Snuggling up next to each other on the couch to read a book aloud is one of the special bonding rituals between parents and children—and one that research shows helps make a kid more successful in school. When a parent gets locked up, it brings an abrupt end to sitting on the sofa and turning the pages of The Cat in the Hat together.
But children and incarcerated parents in New York City can still connect and read a book together thanks to TeleStory, a two-year-old program run at a branch of the Brooklyn Public Library. The initiative increases childhood literacy by using free live video conferencing to connect children to incarcerated parents at Rikers Island and borough-based Department of Corrections Jails.

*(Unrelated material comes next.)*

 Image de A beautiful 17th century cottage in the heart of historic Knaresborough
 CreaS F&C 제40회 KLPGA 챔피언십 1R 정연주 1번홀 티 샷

“Once that monitor is flipped on, it’s amazing how invisible the technology becomes,” Nick Higgins, the director of outreach services for the Brooklyn Public Library, told TakePart. “The moment that dad pops up on the screen—and I see this in almost every visit—once the families connect, it’s like everything fades away and it’s literally a conversation among family members. And it’s about the child, and about reading books together and singing songs,”
Now Higgins and his team have the opportunity to expand TeleStory to 12 library branches across Brooklyn. On Thursday it was announced that the program is one of 14 winners of the Knight News Challenge on Libraries, and the library will receive nearly $400,000 to support its growth.